RECORDS>
╔══

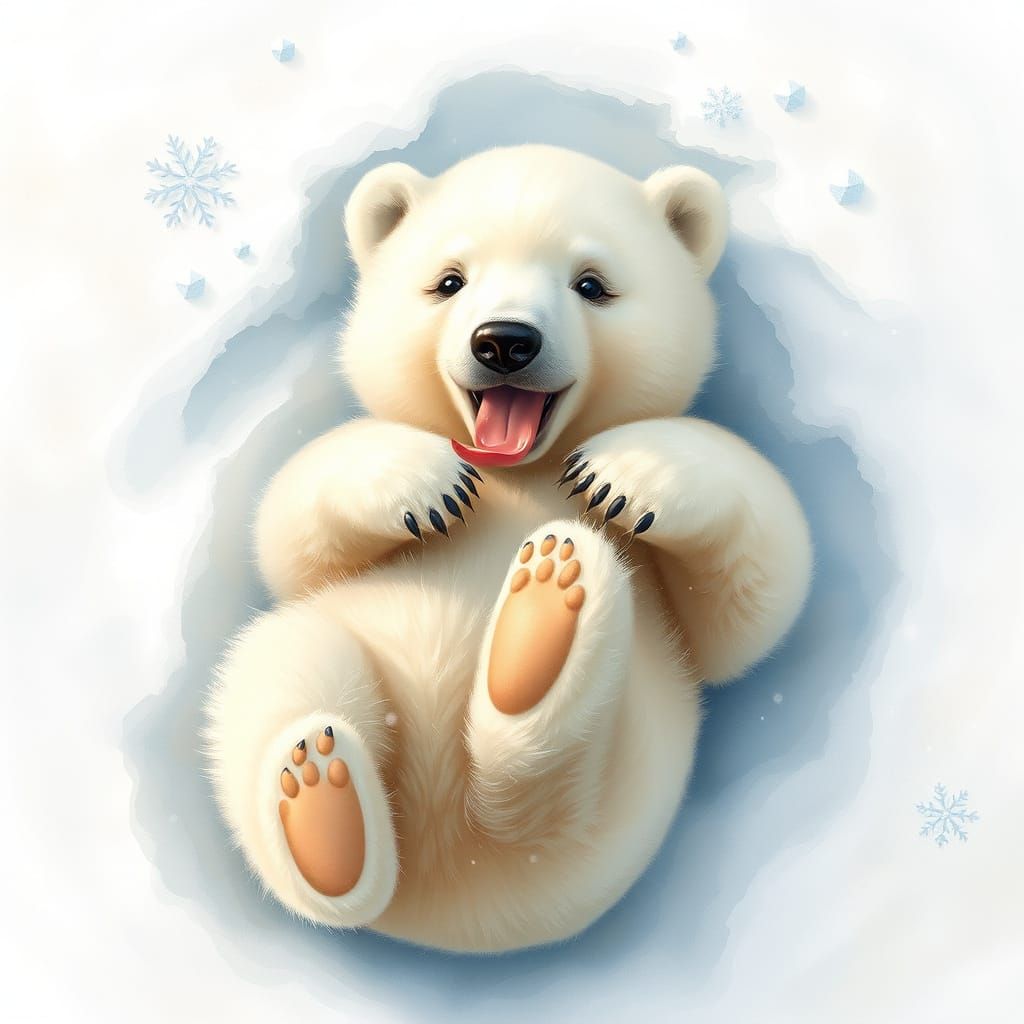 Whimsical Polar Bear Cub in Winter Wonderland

╚══
╔══

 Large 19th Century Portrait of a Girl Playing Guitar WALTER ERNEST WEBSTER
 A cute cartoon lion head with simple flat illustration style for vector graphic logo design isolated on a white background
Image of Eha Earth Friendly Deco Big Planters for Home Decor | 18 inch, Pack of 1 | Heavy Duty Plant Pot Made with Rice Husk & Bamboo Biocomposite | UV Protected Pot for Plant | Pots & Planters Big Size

╚══
╔══

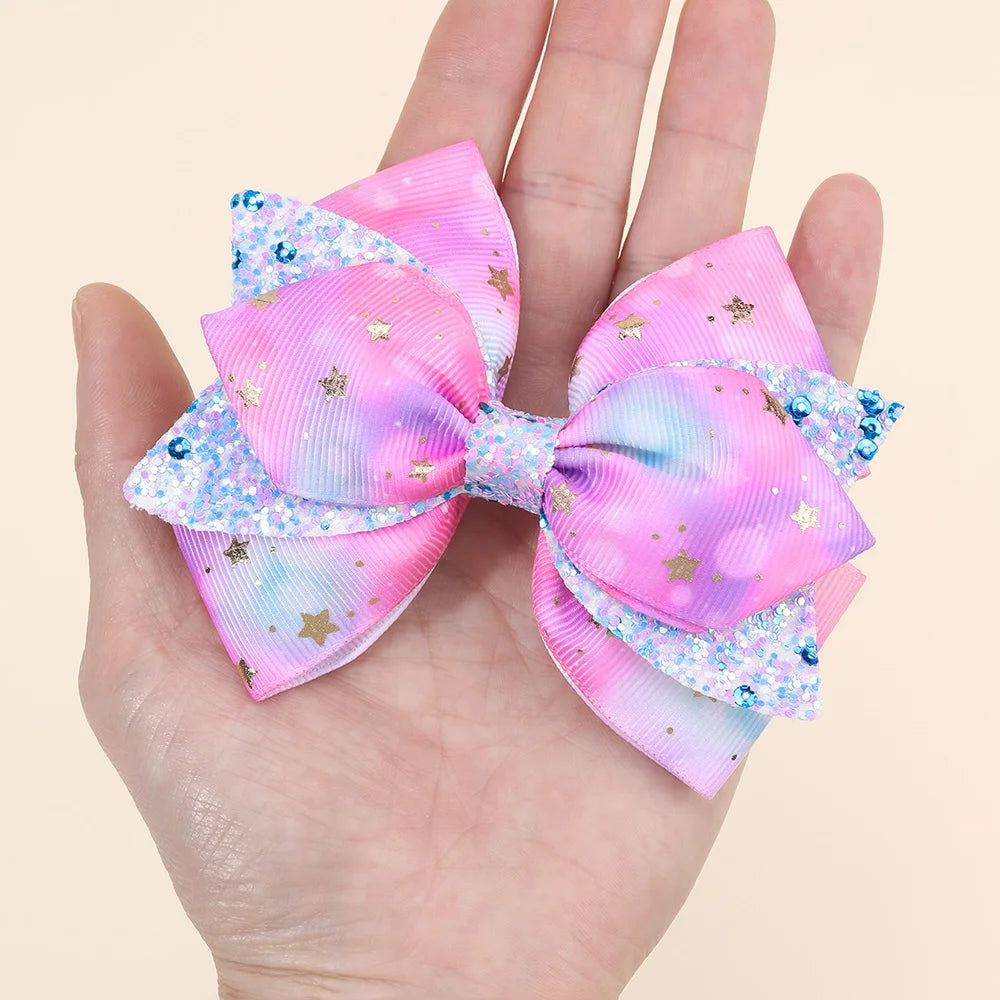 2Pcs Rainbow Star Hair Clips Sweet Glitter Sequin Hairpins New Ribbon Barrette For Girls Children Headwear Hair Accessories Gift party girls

╚══

EXERCISE BRIEF>
Using the entries above, copy out all lines that contain the string "with".

SOLUTION>
 A cute cartoon lion head with simple flat illustration style for vector graphic logo design isolated on a white background
Image of Eha Earth Friendly Deco Big Planters for Home Decor | 18 inch, Pack of 1 | Heavy Duty Plant Pot Made with Rice Husk & Bamboo Biocomposite | UV Protected Pot for Plant | Pots & Planters Big Size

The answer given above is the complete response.